- Theatrical poster
- Directed by: Ajai Sinha
- Written by: Ashok Lal (script) Vinod Ranganathan (script) Ishaan Trivedi (dialogues) Vijay Verma (dialogues)
- Story by: Ajai Sinha
- Produced by: Sangita Sinha Siddhant Sinha
- Starring: Yuvika Chaudhary Om Puri Govind Namdev
- Cinematography: Lokesh Bhalla
- Edited by: Sanjay Sankla
- Music by: Annujj Kappoo
- Production companies: Ananda Film & Telecommunications
- Release dates: 29 July 2011 (India); 23 September 2011 (Canada);
- Running time: 125 minutes
- Country: India
- Language: Hindi

= Khap (film) =

2011 film

Khap is a 2011 Hindi film starring Yuvika Chaudhary, Om Puri, Govind Namdev, Manoj Pahwa, and Mohnish Bahl.
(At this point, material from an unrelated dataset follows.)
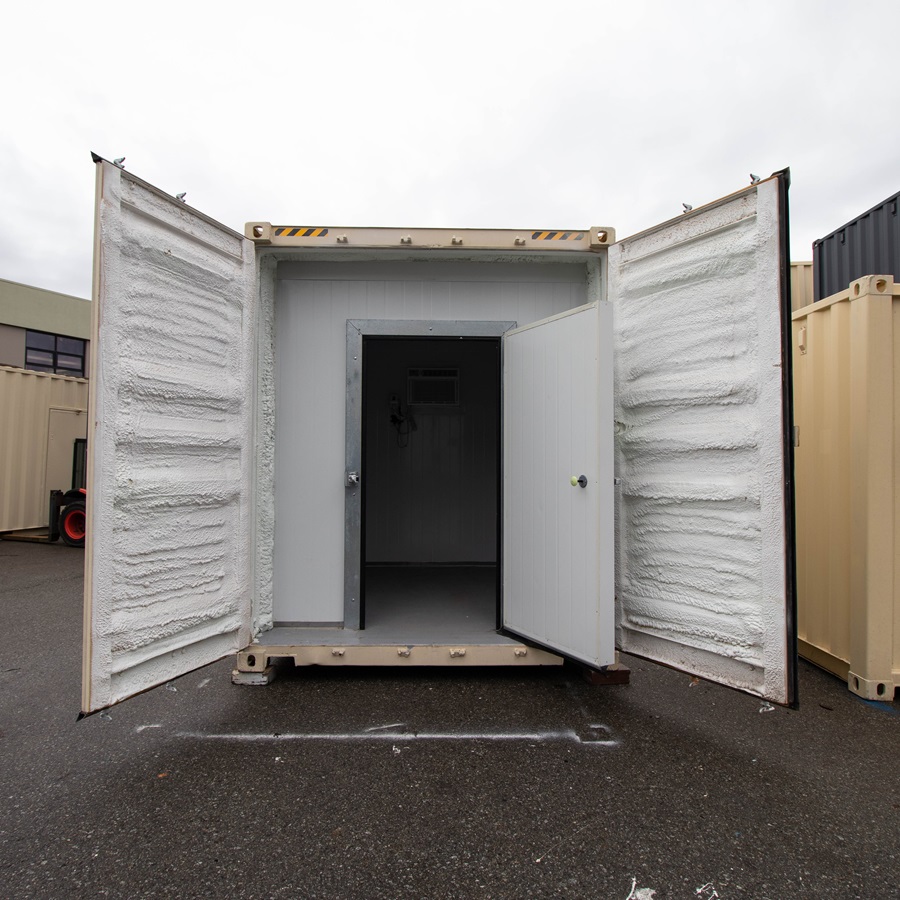 Gently Used 10’HC Cooler - Tupcan Pty Ltd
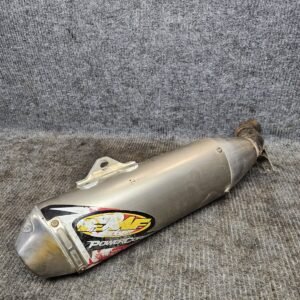 2008 Polaris Outlaw 525 S Fmf Exhaust Muffler Baffle Tip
Directed by Ajai Sinha, the film is a socio-political drama based on the Manoj-Babli honour killing case and Khap Panchayats in villages of Haryana, Rajasthan, and Uttar Pradesh, which order honour killing to prevent marriages within the same gotra.

==Plot==
Madhur Chaudhary (played by Mohnish Bahl) moves out of his rural home, leaving his father alone after various disputes they have. Madhur re-locates to Delhi along with his wife, Komal, and daughter, Ria (played by Yuvika Chaudhary). Sixteen years later, Ria is now in college, while Madhur is an investigator with the Human Rights Department.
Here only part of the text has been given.